Goodness-of-fit, confidence and consistency measures

Wrapper function for calculating the predictive distribution model's confidence, consistency, and optionally some well-known goodness-of-fit measures as well. The calculated measures are as follows:

confidence in predictions (CP) and confidence in positive predictions (CPP) within known presences for the training and evaluation subsets
consistency of predictions (difference of CPs; DCP) and positive predictions (difference of CPPs; DCPP)
Area Under the ROC Curve (AUC) - optional (see parameter goodness)
maximum of the True Skill Statistic (maxTSS) - optional (see parameter goodness)

Usage

measures(
  observations,
  predictions,
  evaluation_mask,
  goodness = FALSE,
  df = FALSE
)

Arguments

observations: Either an integer or logical vector containing the binary observations where presences are encoded as 1s/TRUEs and absences as 0s/FALSEs.
predictions: A numeric vector containing the predicted probabilities of occurrence typically within the [0, 1] interval. length(predictions) should be equal to length(observations) and the order of the elements should match.
evaluation_mask: A logical vector (mask) of the evaluation subset.

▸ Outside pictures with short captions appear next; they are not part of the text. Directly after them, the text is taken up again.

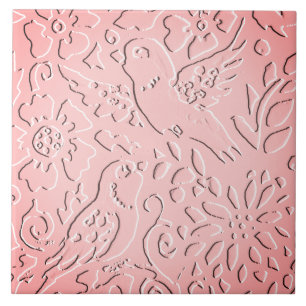 Pink Ombre Bird Woodland Ingegraveerd Floral Natuu Tegeltje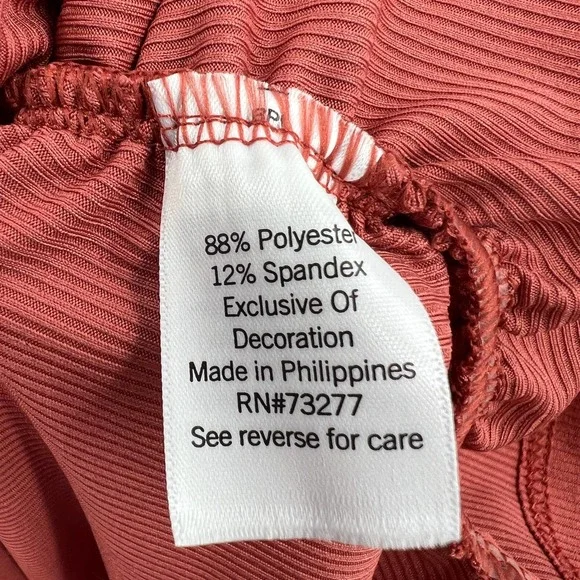 Nine West Women's Mauve Rib Ruched Elbow Sleeve Top Size XXL - Picture 5 of 6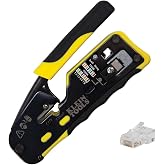 Klein Tools 80024 Pass-Thru Installation Tool Kit, 2-Piece | Includes Ratcheting Data Cable Crimper and Pass-Thru Connectors CAT6 50-Pack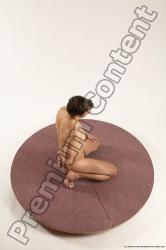 Nude Man White Kneeling poses - ALL Slim Short Brown Kneeling poses - on both knees Multi angles poses Realistic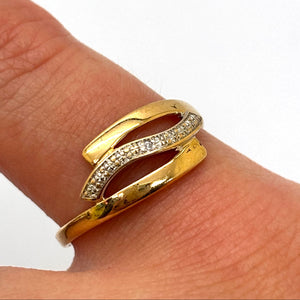 Bague en Or Jaune et Blanc 18K - Taille 51.5 - 1.31g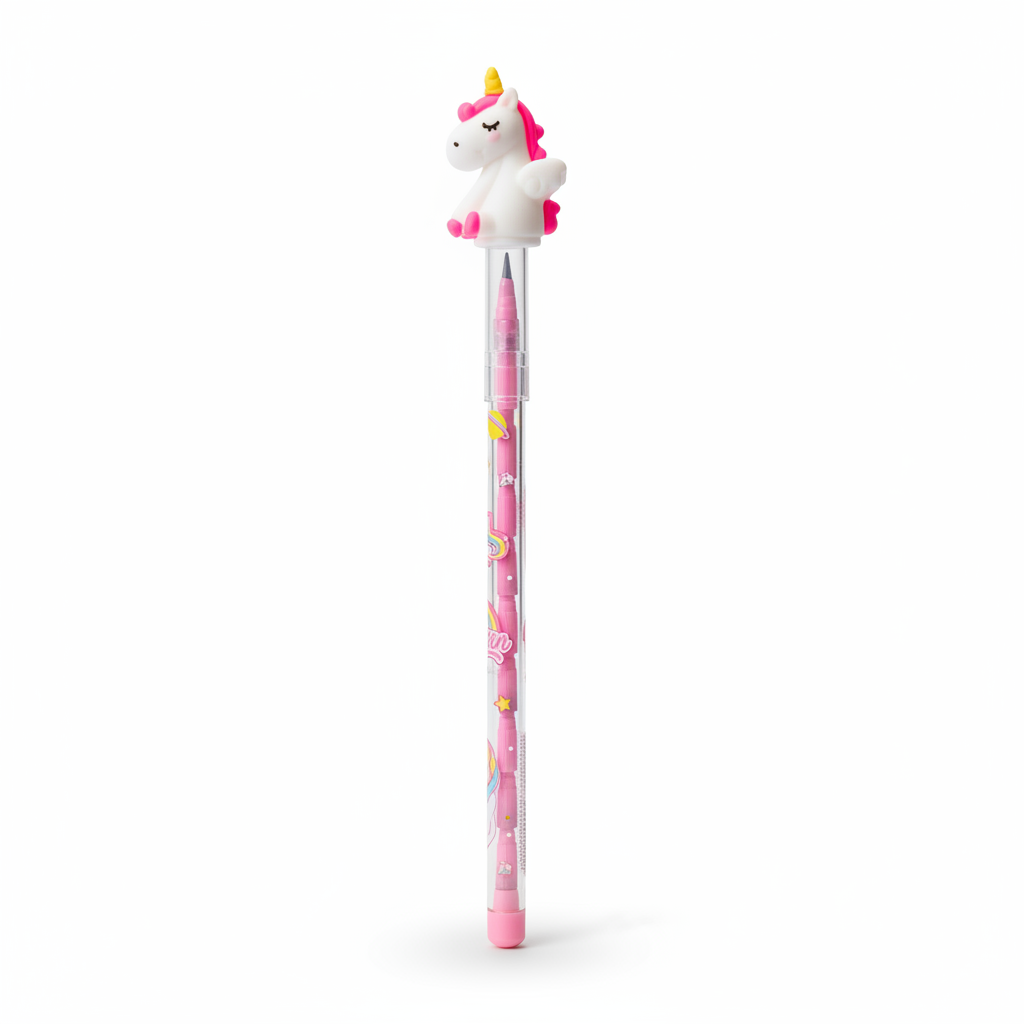 Unicorn Stacked Pencil Pen - Pink Flying
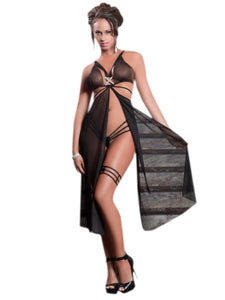 Sexy Black Strappy Mesh Flyaway Gown Set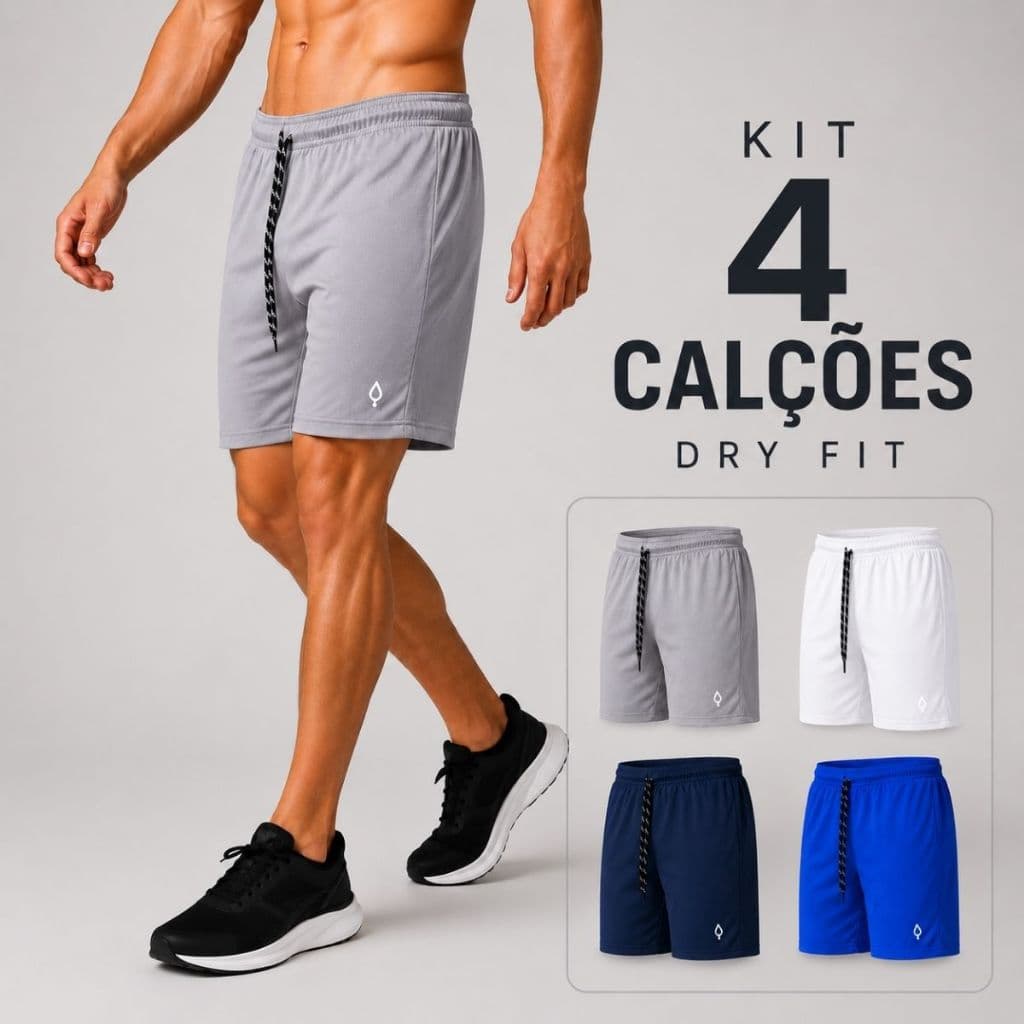 Kit 4 Calção Masculino Dry Futebol Academia Caminhada Com Bolso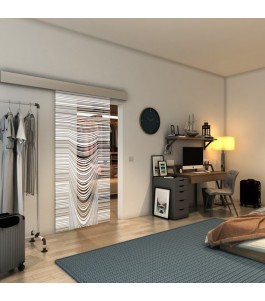 Glasschiebetür ECO-LINE - Fineprint Model 073 Weiss auf Klarglas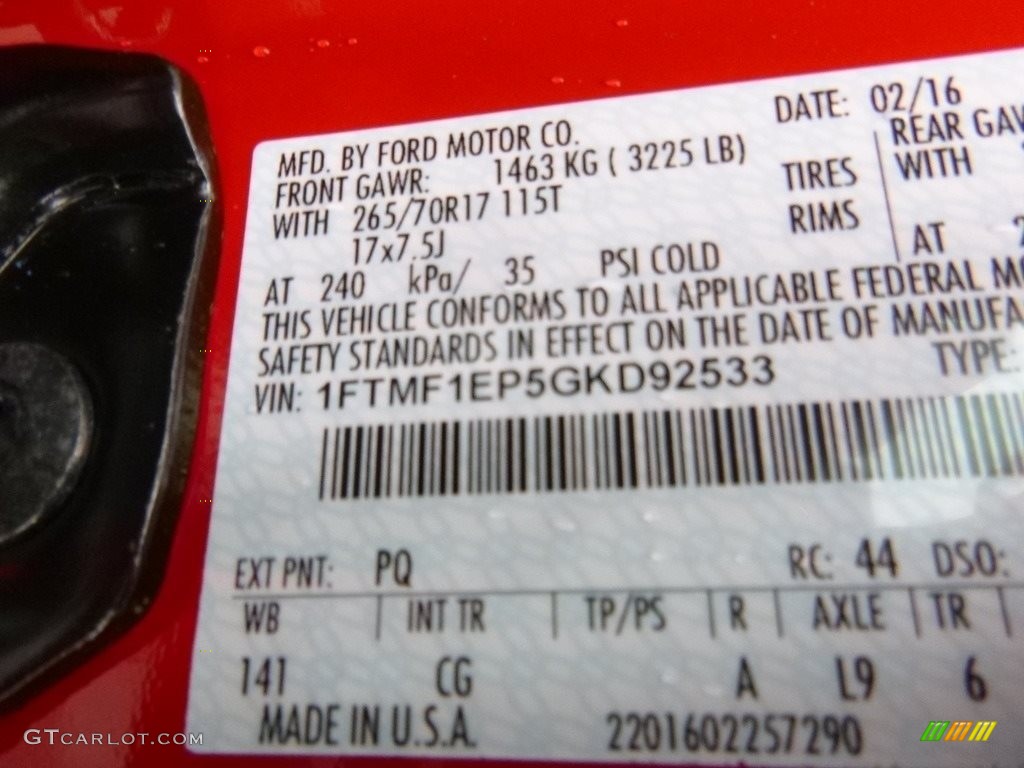 2016 F150 Color Code PQ for Race Red Photo #112175695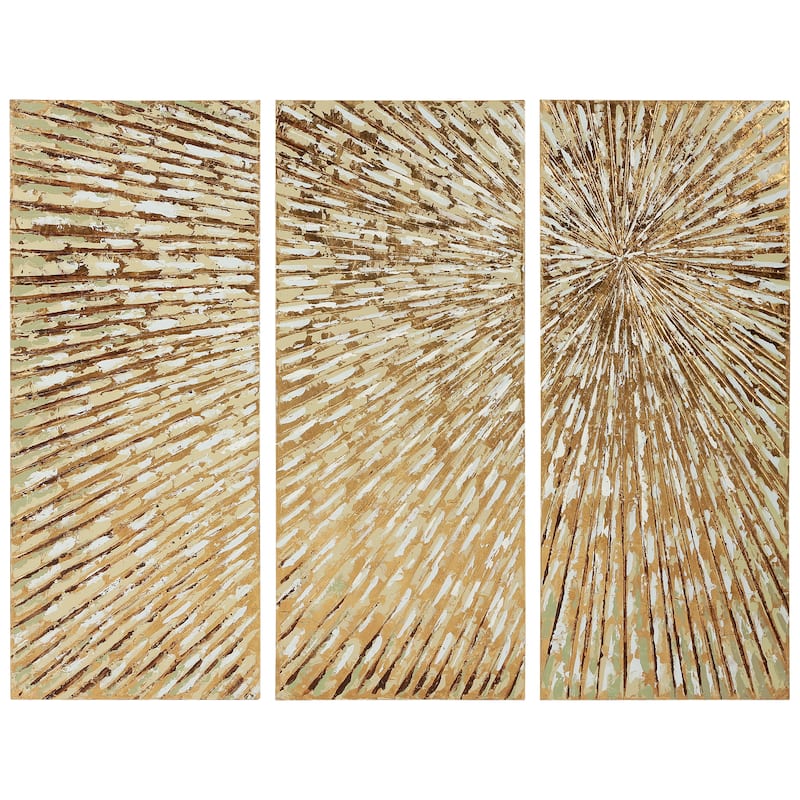 Sunshine Textured Metallic Hand Painted Canvas Wall Art Set of 3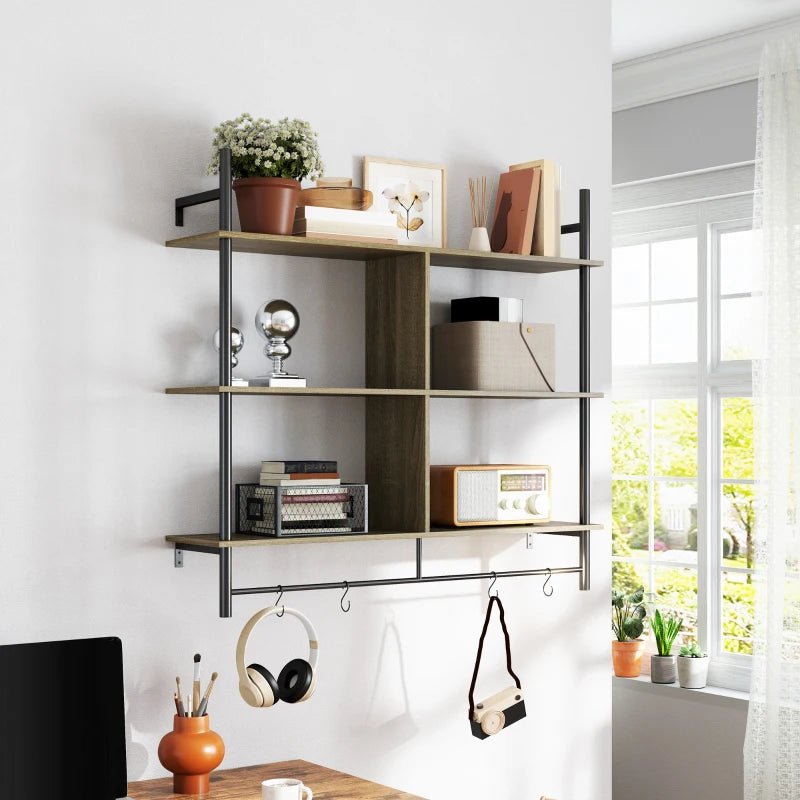Three-Tier Floating Shelf - Stylish Grey Wood Effect Wall Storage for Home Decor and Organization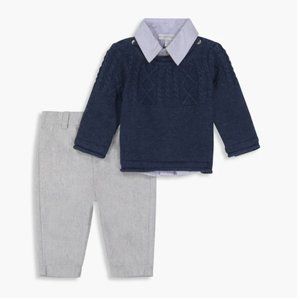 NWT - 12M - 3 piece Set - Navy Sweater, Stripe Shirt & Grey Woven Pant Set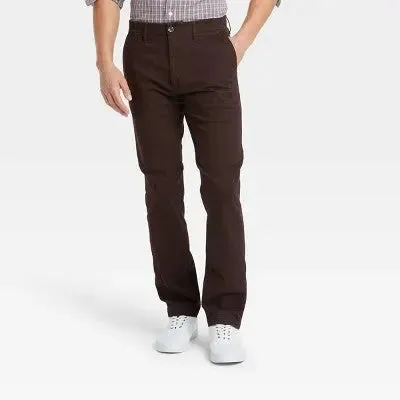 Goodfellow & Co Men's Mid Rise Slim Leg Slim Straight Chino Pants Stretch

Its ith element indicates whether the ith element of observations was used for evaluation (TRUE) or for training (FALSE). length(evaluation_mask) should be equal to length(observations) and the order of the elements should match, i.e. observations[evaluation_mask] were the evaluation subset and observations[!evaluation_mask] were the training subset.
goodness: Logical vector of length one, defaults to FALSE. Indicates, whether goodness-of-fit measures (AUC and maxTSS) should be calculated. If set to TRUE, external package ROCR (Sing et al. 2005) is needed for the calculation (see section 'Note').
df: Logical vector of length one, defaults to FALSE. Indicates, whether the returned value should be a one-row data.frame that is rbind()able if measures() is called on multiple models in a for loop or a lapply(). See section 'Value' and 'Examples' for details.

Value

A named numeric vector (if df is FALSE; the default) or a data.frame (if df is TRUE) of one row.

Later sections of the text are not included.